▸ **Exercise details**: Restate word for word the lines from the one bearing "１K、都市ガス、セコム、UB、バルコニー" through the end of the entries below, and leave every picture out.

(Caption-style text data)
□ □ □
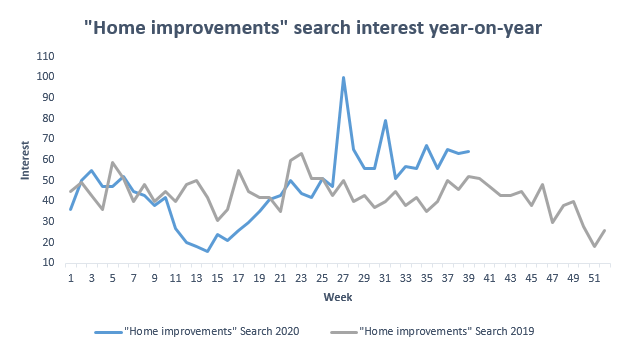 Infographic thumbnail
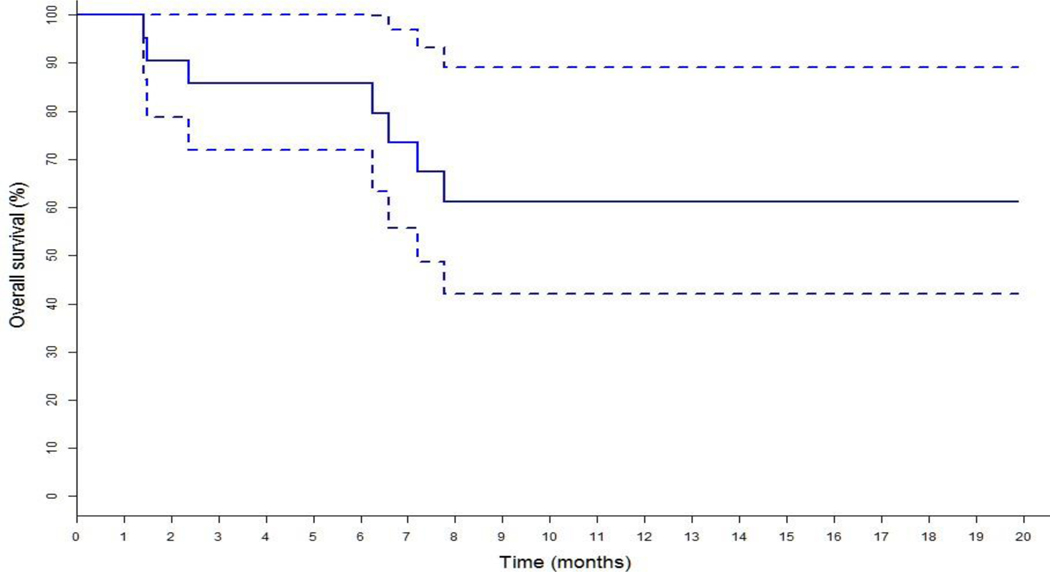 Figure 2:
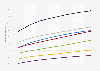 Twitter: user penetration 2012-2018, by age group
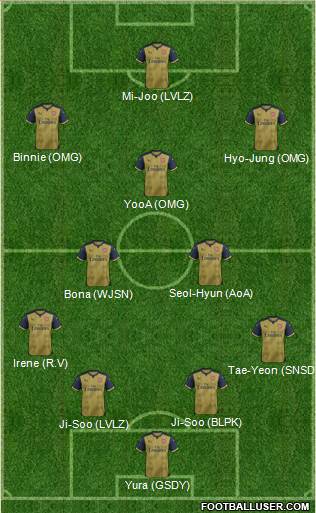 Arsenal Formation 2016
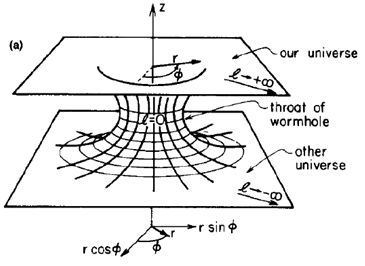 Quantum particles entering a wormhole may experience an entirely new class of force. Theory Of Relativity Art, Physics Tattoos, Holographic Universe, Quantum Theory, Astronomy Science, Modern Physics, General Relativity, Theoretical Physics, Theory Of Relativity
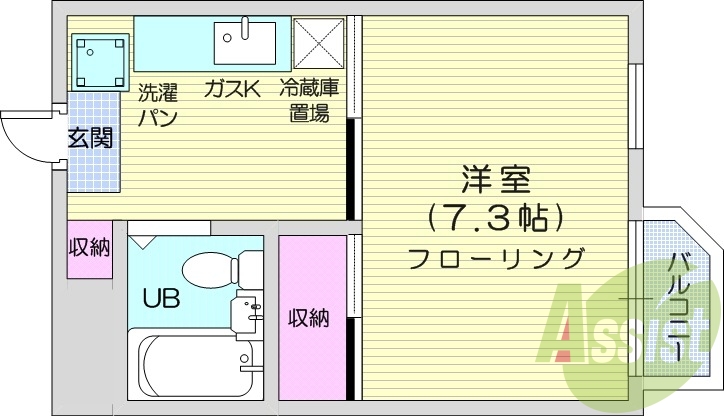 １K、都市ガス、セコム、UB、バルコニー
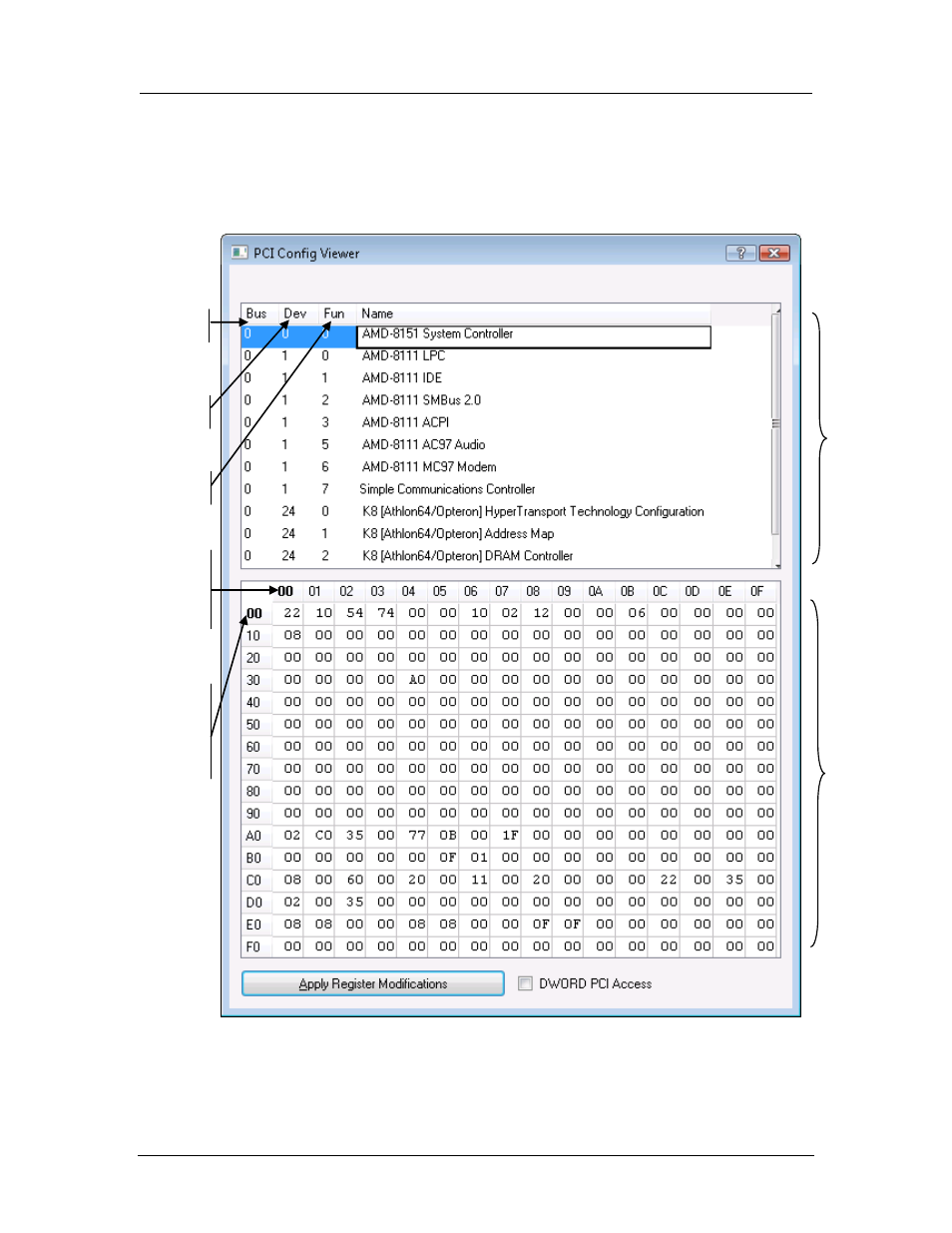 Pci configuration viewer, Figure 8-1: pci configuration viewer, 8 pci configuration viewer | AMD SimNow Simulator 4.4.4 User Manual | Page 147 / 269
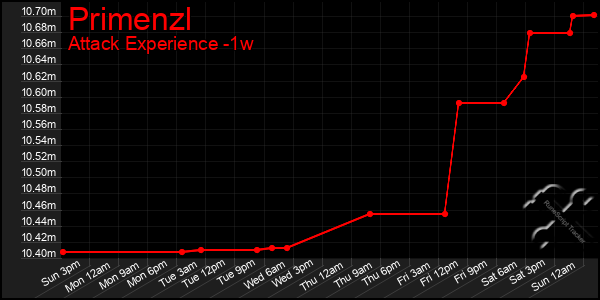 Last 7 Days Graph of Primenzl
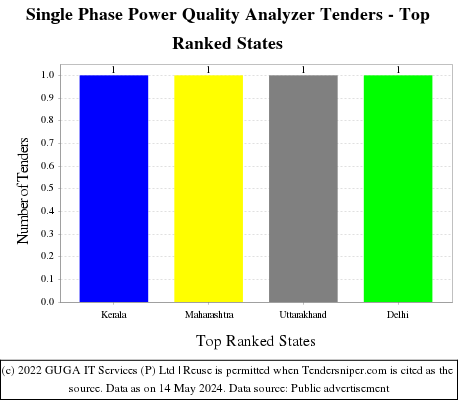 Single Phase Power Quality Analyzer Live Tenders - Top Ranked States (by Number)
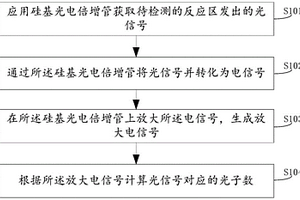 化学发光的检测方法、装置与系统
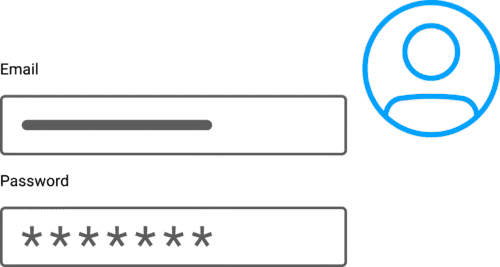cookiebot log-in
□ □ □
▸ **Written solution**:
 １K、都市ガス、セコム、UB、バルコニー
 Pci configuration viewer, Figure 8-1: pci configuration viewer, 8 pci configuration viewer | AMD SimNow Simulator 4.4.4 User Manual | Page 147 / 269
 Last 7 Days Graph of Primenzl
 Single Phase Power Quality Analyzer Live Tenders - Top Ranked States (by Number)
 化学发光的检测方法、装置与系统
cookiebot log-in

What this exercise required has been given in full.